Sexual contact: homosexual (male) and heterosexual (male-to-female and female-to-male).

Parenteral inoculation: intravenous drug abusers and recipients of blood and blood products or through needle stick injury.

Passage from infected mother to child (vertical transmission): transplacental spread, transmission during the delivery, and breast-feeding

Life Cycle of HIV infection

Life Cycle of HIV consists of four main steps namely:
1) infection of cells by HIV
2) integration of the provirus into the host cell genome
3) activation of viral replication
4) production and release of infectious virus


• Infection of Cells by HIV:
Major targets: HIV can infect many tissues, but two major targets of HIV infection are the: Immune system and Central nervous system (CNS).
Cell tropism: Primary targets for HIV are CD4‏ T cells, but the viruses also invade macrophages and dendritic cells.
HIV binds to the CD4 molecule, which acts as a high-affinity receptor, but the infection requires coreceptors: CXCR4 (mostly on T cells) or CCR5 (mostly on macrophages).
The HIV envelope contains two glycoproteins, surface gp120 noncovalently attached to a transmembrane protein, gp41.
Conformational change: Binding of gp120 to CD4 leads to a conformational change in the HIV, that results in the formation of a new recognition site on gp120 for the coreceptors CCR5 or CXCR4.
Penetration of host cell membrane by gp41: Binding of gp120 to the chemokine coreceptors leads to conformational changes in gp41.
Membrane fusion: The conformational change in gp41 allows HIV to penetrate the cell membrane of the target cells (e.g. CD4+ T cells or macrophages), leading to fusion of the virus with the host cell.
Entry of viral genome into cytoplasm of host cell: Once internalized, the virus core containing the HIV genome enters the cytoplasm of the host cell.
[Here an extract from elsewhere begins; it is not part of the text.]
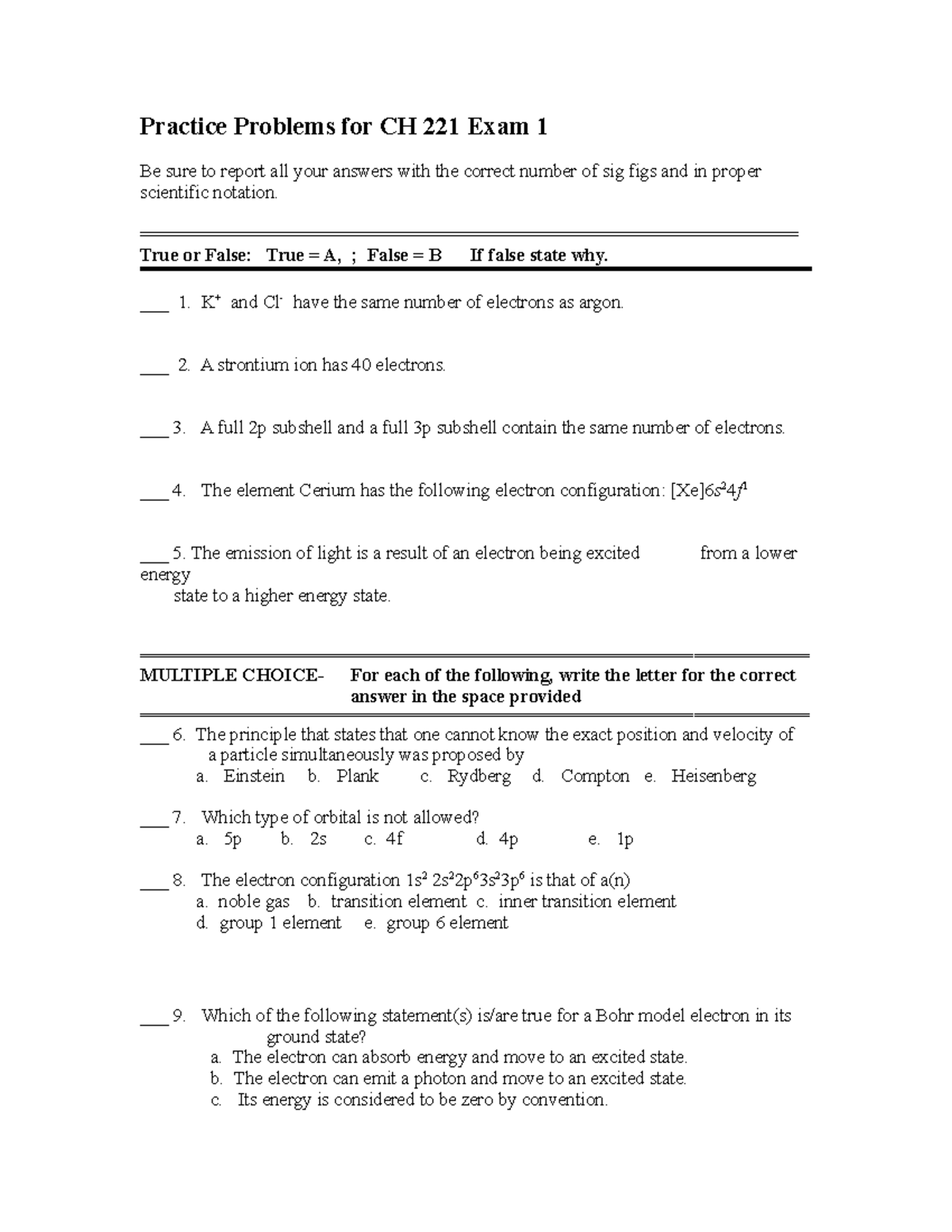 CH221Exam1review-revised 1-21 - Practice Problems for CH 221 Exam 1 Be ...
2. Integration of the proviral DNA into the genome of the host cell

After the internalization of the virus core, the RNA genome of the virus undergoes reverse transcription leading to the synthesis of double-stranded complementary DNA (cDNA/proviral DNA).
Episomal form: In quiescent T cells, HIV cDNA may remain as a linear episomal form in the cytoplasm of infected cell.
Integration of cDNA: In dividing T cells, HIV cDNA enters the nucleus, and becomes integrated into the genome of the host cell using a viral integrase protein.

3. Viral replication: After the integration of proviral DNA it can either be latent or productive infection.
Latent infection: During this, the provirus remains silent for months or years.
Productive infection: In this the proviral DNA is transcribed leading to viral replication,formation of complete viral particles

4. Production and release of infectious virus: The complete virus particle formed, buds from the cell membrane and release new infectious virus. This productive infection when extensive, leads to death of infected host cells.
The virus infection remains latent for long periods in lymphoid tissues. Active viral replication is associated with more infection of cells and progression to AIDS.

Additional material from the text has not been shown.